Quote from: SteveInWA on January 22, 2018, 09:29:45 PM
I have to agree with RFC3261: you may not be aware of the opinions and assumptions behind your posts, but you are starting off from the position that mergers are almost always bad (completely unfounded) and companies are evil, not interested in customer satisfaction (completely unfounded). So you are making baseless accusations first, then insisting that they be disproved.
This is not much different than saying "The sun isn't going to come up tomorrow. I won't believe anything to the contrary unless you can prove otherwise".
If you would simply read the press release (click the banner at the top of the forum), it clearly states:
Quote
After completion of the deal, Polycom expects to add more cloud-based capabilities and Analog Terminal Adapter solutions to its solutions portfolio. The combination is expected to expand the markets available to Polycom solutions for both the company and its worldwide network of channel partners.
The deal is expected to close early in first quarter of this year.
If the leaders of the two companies posted here, swearing on a stack of virtual bibles, and put one billion dollars in escrow, would you then trust them? I suspect not.
I promise, I'm not trying to be a downer here - just trying to be realistic. I do appreciate your optimism and in fact, I want to be wrong and perhaps this deal will be a historical first. As a consumer, I value OBI for being out of sight and out of mind. No fees. No worries. In essence, today's model you pay a fair upfront cost for the hardware and set and forget.
I assume we're both in the same boat of wanting one less product playing the "gotcha" game of chess with cost, service or features, so thus my concerns?I actually do not think the vast majority of companies or people for that matter are evil. I do however think leaders and companies make bad decisions and then are forced to recover, which is exponentially costly and not linear as one might assume. How companies recover is the sum total of the concerns I've expressed. Not evil, but pun intended a "necessary evil" to cover bad decision making.
I'll explain.
Start with the understanding all companies, which Polycom is, are in business to make money, as they should. That in and of itself is not a bad thing and that's capitalism. Understand no one in their right mind expends the human and financial capital to initiate an acquisition with the intent to take on and bear incremental cost (net of revenue) long term.

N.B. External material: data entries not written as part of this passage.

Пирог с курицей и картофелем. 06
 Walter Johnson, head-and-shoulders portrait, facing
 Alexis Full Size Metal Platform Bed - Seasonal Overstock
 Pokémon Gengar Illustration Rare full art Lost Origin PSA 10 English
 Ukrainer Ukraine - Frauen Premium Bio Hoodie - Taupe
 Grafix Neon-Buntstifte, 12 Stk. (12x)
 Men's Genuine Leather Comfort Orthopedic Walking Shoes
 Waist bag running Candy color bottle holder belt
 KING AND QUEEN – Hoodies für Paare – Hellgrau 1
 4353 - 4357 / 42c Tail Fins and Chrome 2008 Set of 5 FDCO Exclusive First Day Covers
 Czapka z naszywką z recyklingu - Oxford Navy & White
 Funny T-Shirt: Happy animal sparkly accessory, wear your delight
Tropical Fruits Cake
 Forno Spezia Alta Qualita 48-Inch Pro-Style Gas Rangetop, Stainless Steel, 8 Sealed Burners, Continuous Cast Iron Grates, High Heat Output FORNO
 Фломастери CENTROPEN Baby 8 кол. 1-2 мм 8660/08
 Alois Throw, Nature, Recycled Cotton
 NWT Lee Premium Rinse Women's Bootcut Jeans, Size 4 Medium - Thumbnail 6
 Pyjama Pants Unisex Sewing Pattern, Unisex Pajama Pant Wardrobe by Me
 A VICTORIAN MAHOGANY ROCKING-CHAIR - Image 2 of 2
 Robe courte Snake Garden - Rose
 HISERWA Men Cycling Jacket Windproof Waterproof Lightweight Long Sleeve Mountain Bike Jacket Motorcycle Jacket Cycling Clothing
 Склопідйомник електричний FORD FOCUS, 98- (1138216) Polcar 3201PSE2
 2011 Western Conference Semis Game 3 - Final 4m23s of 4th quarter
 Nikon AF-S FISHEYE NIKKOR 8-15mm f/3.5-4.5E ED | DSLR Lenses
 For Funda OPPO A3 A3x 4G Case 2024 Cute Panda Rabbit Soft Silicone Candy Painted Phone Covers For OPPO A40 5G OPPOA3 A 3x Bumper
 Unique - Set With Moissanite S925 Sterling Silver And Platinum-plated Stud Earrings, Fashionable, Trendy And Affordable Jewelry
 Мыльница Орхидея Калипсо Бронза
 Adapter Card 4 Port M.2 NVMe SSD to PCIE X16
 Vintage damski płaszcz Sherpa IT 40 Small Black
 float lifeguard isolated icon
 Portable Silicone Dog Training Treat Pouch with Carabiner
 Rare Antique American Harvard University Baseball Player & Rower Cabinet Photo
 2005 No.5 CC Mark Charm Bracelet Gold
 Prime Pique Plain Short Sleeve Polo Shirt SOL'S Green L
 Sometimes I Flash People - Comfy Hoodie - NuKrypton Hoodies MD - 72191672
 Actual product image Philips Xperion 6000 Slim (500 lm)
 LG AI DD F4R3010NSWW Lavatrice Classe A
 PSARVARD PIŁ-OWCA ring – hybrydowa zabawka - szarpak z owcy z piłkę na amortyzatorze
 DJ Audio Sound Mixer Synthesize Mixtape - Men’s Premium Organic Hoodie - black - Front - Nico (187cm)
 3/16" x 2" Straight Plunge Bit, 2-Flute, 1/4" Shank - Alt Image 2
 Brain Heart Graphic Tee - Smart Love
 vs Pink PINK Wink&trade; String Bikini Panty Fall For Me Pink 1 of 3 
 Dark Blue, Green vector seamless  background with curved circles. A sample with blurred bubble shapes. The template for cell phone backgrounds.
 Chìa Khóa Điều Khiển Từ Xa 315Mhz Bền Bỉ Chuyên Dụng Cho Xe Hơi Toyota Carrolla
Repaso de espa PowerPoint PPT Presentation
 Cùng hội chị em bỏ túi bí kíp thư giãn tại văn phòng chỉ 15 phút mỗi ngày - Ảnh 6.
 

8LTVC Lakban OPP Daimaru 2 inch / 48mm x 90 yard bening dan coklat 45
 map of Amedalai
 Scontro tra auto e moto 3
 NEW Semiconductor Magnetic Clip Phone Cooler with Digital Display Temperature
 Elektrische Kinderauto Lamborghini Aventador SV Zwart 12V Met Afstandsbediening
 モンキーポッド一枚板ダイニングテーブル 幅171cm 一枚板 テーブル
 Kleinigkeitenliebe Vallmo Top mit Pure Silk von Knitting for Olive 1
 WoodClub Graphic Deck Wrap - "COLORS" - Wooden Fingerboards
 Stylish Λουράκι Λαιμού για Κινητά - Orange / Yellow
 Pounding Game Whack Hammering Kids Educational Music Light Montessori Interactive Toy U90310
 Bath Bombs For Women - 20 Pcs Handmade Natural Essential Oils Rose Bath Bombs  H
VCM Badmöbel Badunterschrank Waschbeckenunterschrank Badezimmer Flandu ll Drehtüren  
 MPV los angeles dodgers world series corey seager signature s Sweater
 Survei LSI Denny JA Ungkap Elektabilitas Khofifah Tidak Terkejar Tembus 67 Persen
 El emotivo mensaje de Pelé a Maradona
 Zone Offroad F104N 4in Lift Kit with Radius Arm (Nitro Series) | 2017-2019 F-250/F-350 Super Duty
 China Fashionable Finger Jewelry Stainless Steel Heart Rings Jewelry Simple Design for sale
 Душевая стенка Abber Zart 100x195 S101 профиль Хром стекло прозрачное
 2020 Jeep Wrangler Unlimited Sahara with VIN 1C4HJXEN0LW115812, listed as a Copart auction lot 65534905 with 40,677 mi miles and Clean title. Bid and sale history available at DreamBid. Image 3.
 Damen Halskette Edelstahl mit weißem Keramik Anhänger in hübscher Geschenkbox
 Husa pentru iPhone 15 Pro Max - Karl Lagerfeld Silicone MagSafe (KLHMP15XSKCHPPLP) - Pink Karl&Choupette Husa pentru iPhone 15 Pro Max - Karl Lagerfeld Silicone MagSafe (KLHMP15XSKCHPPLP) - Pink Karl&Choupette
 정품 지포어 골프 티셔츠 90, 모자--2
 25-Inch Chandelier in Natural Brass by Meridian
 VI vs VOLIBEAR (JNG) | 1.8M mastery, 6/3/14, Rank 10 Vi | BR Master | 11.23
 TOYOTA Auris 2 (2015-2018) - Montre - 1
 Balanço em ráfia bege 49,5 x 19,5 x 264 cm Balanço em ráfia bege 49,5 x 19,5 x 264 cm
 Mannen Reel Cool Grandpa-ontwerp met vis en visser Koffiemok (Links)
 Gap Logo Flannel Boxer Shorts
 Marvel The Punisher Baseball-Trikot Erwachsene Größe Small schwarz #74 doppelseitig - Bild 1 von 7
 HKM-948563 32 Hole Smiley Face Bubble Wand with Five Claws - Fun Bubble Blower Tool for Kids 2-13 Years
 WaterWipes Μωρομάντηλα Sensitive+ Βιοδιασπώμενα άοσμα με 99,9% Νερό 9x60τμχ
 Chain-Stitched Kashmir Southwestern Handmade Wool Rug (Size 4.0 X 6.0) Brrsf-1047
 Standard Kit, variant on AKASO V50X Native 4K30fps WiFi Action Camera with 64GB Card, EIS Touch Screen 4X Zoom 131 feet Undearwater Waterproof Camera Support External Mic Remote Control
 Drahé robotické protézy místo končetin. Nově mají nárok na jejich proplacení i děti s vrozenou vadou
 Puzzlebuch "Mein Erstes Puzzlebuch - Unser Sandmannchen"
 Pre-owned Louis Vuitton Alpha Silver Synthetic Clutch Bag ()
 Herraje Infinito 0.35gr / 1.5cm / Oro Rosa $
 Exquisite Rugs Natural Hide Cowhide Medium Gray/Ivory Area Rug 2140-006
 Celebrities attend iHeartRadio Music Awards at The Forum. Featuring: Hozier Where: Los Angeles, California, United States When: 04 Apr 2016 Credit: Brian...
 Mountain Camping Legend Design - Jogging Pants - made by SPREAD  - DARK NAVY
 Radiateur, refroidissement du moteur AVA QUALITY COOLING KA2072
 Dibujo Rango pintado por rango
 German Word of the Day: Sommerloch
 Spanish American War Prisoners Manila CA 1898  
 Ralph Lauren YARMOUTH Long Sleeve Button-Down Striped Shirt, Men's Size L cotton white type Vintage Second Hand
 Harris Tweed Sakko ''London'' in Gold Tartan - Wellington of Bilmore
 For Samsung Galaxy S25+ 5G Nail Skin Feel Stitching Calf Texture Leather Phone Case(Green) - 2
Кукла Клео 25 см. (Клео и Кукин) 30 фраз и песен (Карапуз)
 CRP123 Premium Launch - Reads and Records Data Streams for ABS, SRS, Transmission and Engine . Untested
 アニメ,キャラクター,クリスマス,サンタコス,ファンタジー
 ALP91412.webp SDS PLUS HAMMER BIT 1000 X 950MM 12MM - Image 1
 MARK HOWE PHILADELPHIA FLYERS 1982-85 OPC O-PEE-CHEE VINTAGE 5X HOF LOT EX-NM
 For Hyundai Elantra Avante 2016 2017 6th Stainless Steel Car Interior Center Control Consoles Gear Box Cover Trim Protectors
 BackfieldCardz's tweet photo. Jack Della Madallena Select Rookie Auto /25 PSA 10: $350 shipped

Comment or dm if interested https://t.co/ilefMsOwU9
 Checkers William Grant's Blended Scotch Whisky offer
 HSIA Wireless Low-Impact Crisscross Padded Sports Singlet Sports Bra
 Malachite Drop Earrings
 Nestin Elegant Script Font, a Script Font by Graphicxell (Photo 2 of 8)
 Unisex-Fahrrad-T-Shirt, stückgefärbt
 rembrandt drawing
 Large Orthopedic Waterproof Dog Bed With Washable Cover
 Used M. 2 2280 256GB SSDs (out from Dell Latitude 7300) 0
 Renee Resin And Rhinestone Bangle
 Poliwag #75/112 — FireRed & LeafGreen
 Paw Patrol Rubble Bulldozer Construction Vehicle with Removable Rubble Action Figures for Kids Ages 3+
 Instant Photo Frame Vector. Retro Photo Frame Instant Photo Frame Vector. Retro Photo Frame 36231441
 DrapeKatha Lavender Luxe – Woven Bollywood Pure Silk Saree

There is always a financial benefit and payback period associated with these type of deals. M&A at the highest level is solely for financial gain, which may be derived from acquiring a combination of human, intellectual and physical capital as part of the deal. People. Paper. Product.
The marketing magic puff piece you reference (press release) I would pay zero mind to. I highly doubt this is about adding analog POTS equipment as quoted. Polycom is already one of the leaders in this space and if memory serves, that is the playground is which they stated. Adding cloud capabilities, perhaps.
So, in my experience, being on multiple ends of M&A activity (living through it, providing decision support for it and being the recipient as a consumer many times over and over) M&A activities are rarely good for the consumer and a crapshoot for the employees.
Should we worry for the next 6 months, probably not. Give it about a year. If financial and deal objectives are missed, then that will likely triggers typical knee jerk changes, which I've over simplify recovery options to illustrate how this could impact us... some options are.... 1) Sell more 2) Borrow more 3) Downsize or "rightsize", 4) Product retirement, which enables you to downsize 5) Addition of monthly fees or.....for the super lazy that which to only push paper .... 6) Outsource part of your operations. Everything is a push and pull and net positive is the game they'll play.
Now, please don't take my word on any of this... You can ask Harvard Business Review or the multiple studies which cite M&A failure rates ....HBR I do think sums it up best... "When a CEO wants to boost corporate performance or jump-start long-term growth, the thought of acquiring another company can be extraordinarily seductive. Indeed, companies spend more than $2 trillion on acquisitions every year.
Yet study after study puts the failure rate of mergers and acquisitions somewhere between 70% and 90%.
https://hbr.org/2011/03/the-big-idea-the-new-ma-playbookSo, to answer your last comment about leaders posting and believing them... I would believe them. Please go back and re-read my post.
It was my specific ask for either OBI or Polycom to put their commitment in writing like many large companies do when M&A is announced. If they state in writing no changes, then.... hallelujah! Case closed. That would be great and this issue and thread would be put to rest. If they say nothing, as is the case in many instances, historical fact and personal experience by default serves as the guide of what to expect.